How can we transform POLLUTION into a CELEBRATION? Welcome to Acoustic Ecology:
Our project reacts to the fact that throughout the years cities have been designed taking sound as a negative environmental factor. On the other hand we use sound as a parameter of design we experiment with different morphological urban patterns in Santa Coloma that are interactive to real time data.
Each component in our landscape has a specific function according to the zoning, using sound as an ABSORBER, DEFLECTOR, and RECORDER which react to sound and blends with landscape in between this post-industrial neighborhood. This representation gives an overall understanding of how the acoustic ecology hacks the industrial area with the different zones of intervention according through the zoning and sound mapping. As a result the landscape is piercing through the industrial area, at the same time that acts like a connector.
From now onwards we insist this invisible layer will also be a priority before designing a city. Its effects are as not invisible as its nature itself, but everyday there will be new sounds that will create new adaptive and interactive structures.
PART 1
“CONNECTIVITY”
Santa Coloma de Gramenet is a city in Catalonia, Spain. It is situated on the south-east side of the Litoral range, with the Puig Castellar (299 m) as its highest point; on the left bank of the Besòs River the municipalities of Sant Adrià de Besòs and Badalona separate it from the coast.
Santa Coloma has won a lot of awards with respect to sustainability and is quite successful as a city as 80 % of the residents walk within the city. There is an EVIDENT disconnection between both these sides and we started to investigate this issue.
“INDUSTRY”
Industries have always been a part which is designed along the outskirts of the city to avoid interaction with the city.
Due to the urban sprawl along the years in Barcelona the industries have been in the same location and the residential areas have been made around them.
In SANT ANDREU certain manufacturing industries have gone into a decline due to various economic factors including the development of replacement technology or the loss of competitive advantage. They were a heavy duty industry which have been converted along the years to suit the surroundings of the site but has not been able to fit in.
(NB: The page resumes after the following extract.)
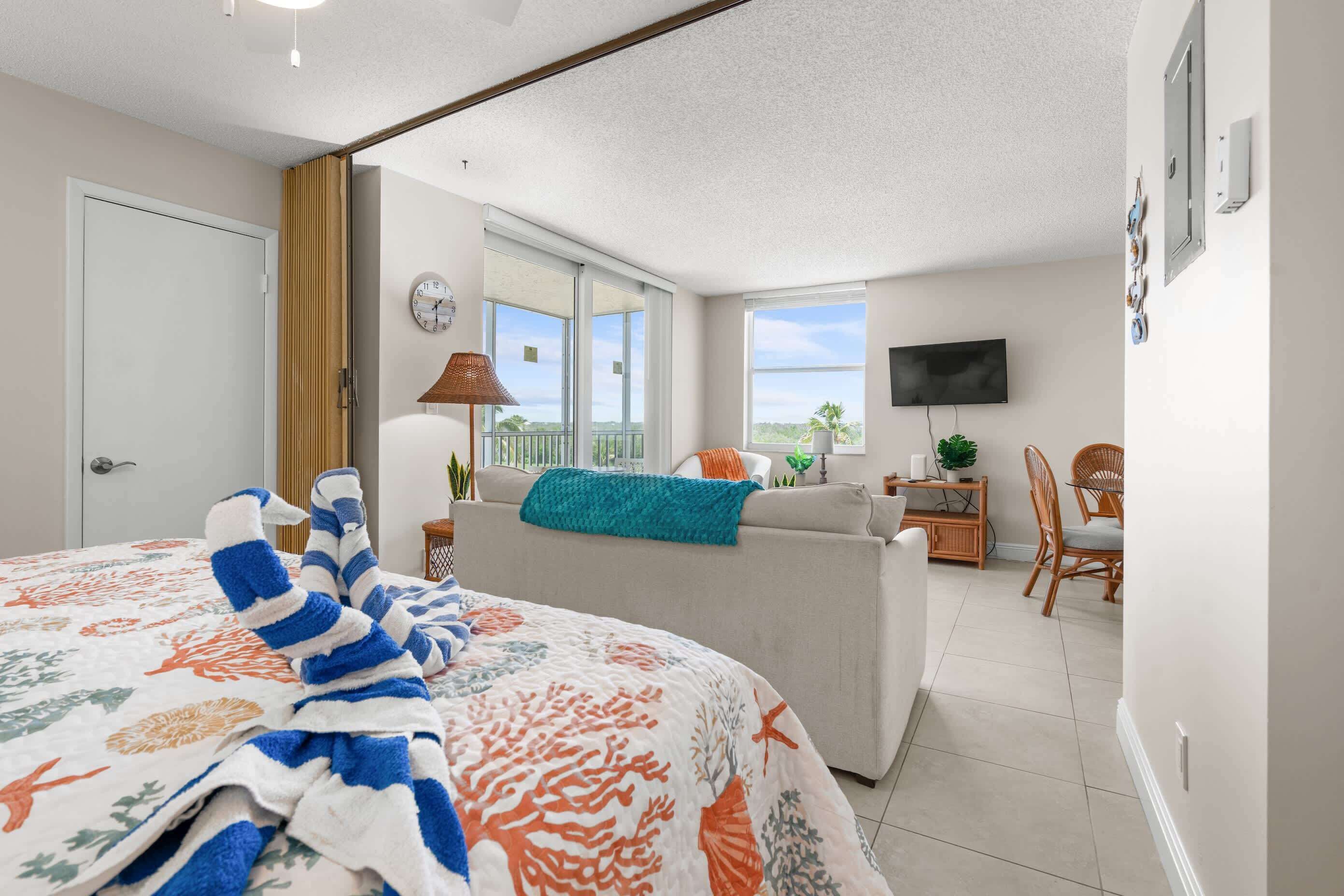 A bedroom with a bed, a sofa, a TV, a balcony, and a dining area.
The environment of this industry is not habitable for the pedestrians or for the residential area around it
This became the starting point for a series of urban and spatial zones that occupy and transform the existing grid structure of the post-industrial neighbourhood and converting them into a new ECOLOGY shaped by street noise and other urban sounds.”
We want this soundscape to function responsibly for its surrounding neighbourhoods, as well as for the industries.